I want to filter rows of DataFrame
in SparkR by time stamp with format like the following:
df <- createDataFrame(sqlContext, data.frame(ID = c(1,2,3),
Timestamp=c('08/01/2014 11:18:30',
'01/01/2015 12:13:45',
'05/01/2015 14:17:33')))
Please note that original schema for TimeStamp
column is String
. Say I want to filter those time stamp before 03/01/2015 00:00:00
, I think there might be two approaches to do this:
One is to mutate the column to timestamp
like normal R with dplyr
and lubridate
:
df %>%
mutate(Timestamp = mdy_hms(Timestamp)) %>%
filter(Timestamp < mdy_hms('03/01/2015 00:00:00'))

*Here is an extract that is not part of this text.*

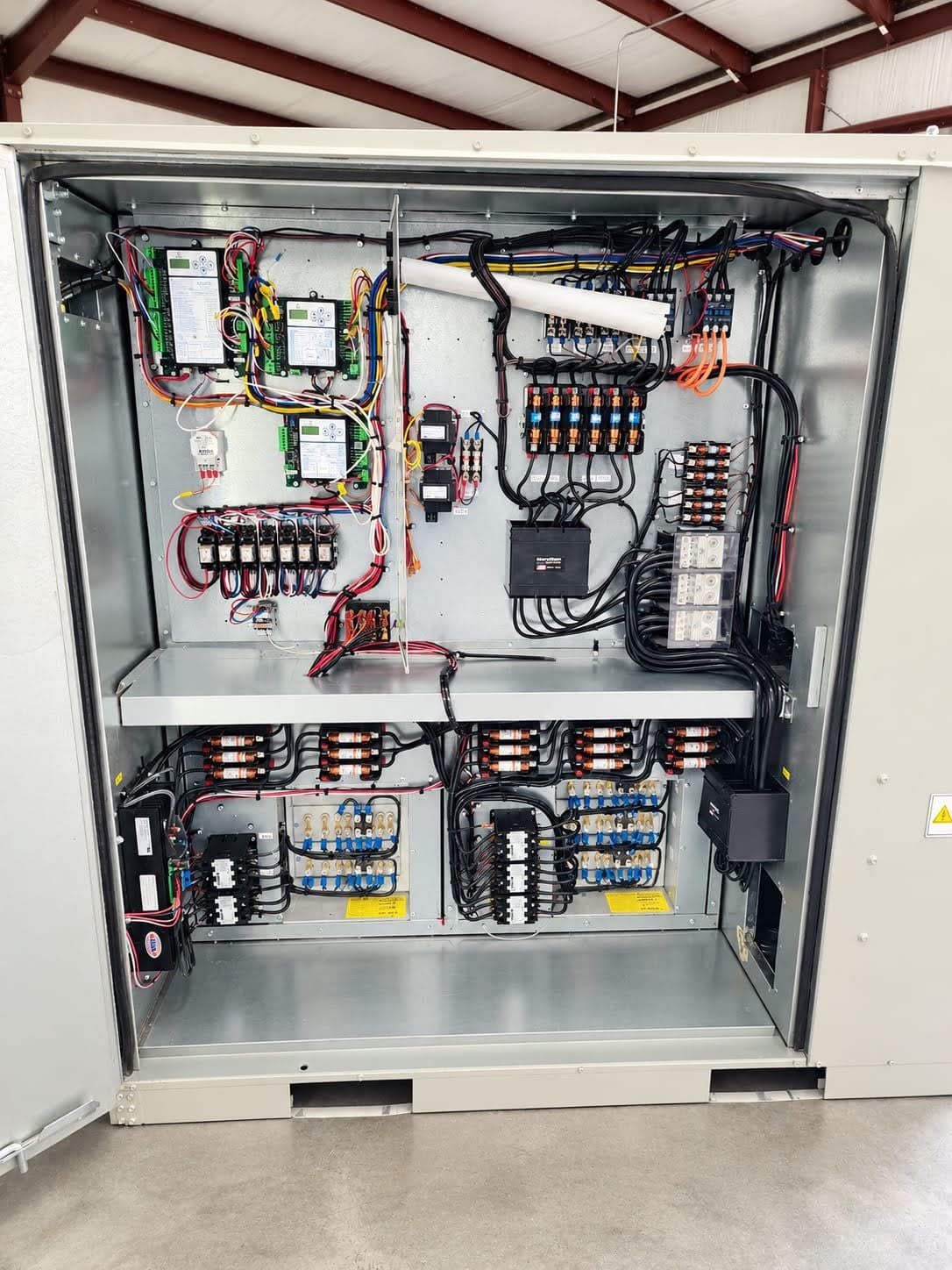 20 Ton, Aaon #RN-020-8-0HB09-18A, rooftop package units, R410a, 208 V., new, unused (3 available) - Image 9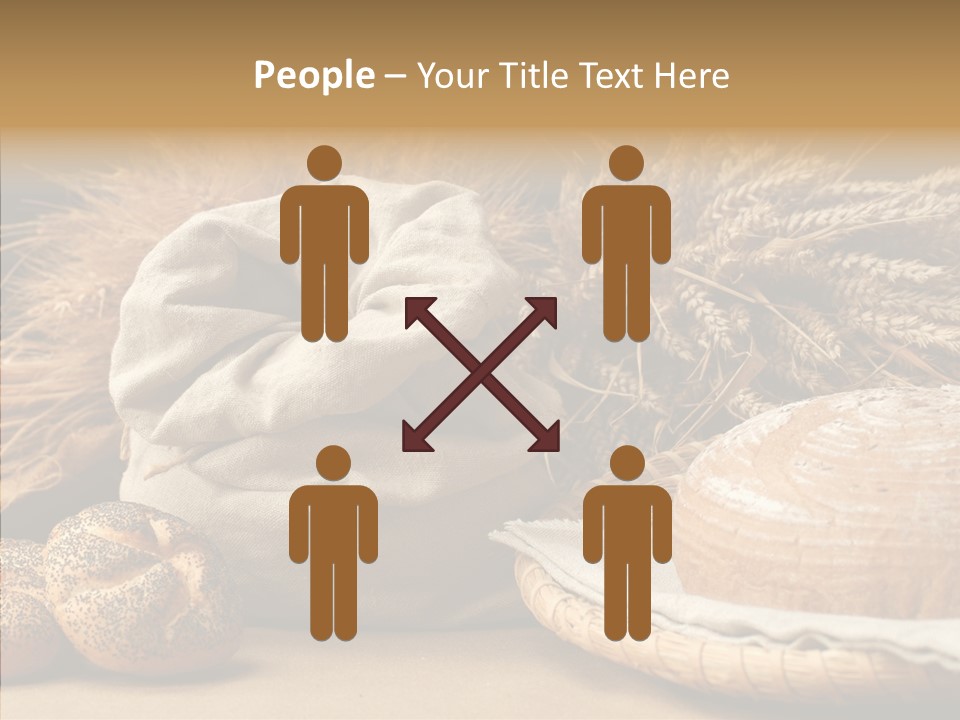 Corn Food Dinner PowerPoint Template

But I failed to mutate columns of DataFrame
since it's a S4 class Column
not a vector.
Second approach might be to register the DataFrame
as a table and then use SparkSQL
to deal with timestamp
type:
df <- createDataFrame(sqlContext, data.frame(ID = c(1,2,3),
Timestamp=c('08/01/2014 11:18:30',
'01/01/2015 12:13:45',
'05/01/2015 14:17:33')))
registerTempTable(df, 'df')
head(sql(sqlContext, 'SELECT * FROM df WHERE Timestamp < "03/01/2015 00:00:00"'))
But since it's still a string comparison so it would give wrong result. What would be correct way to do this?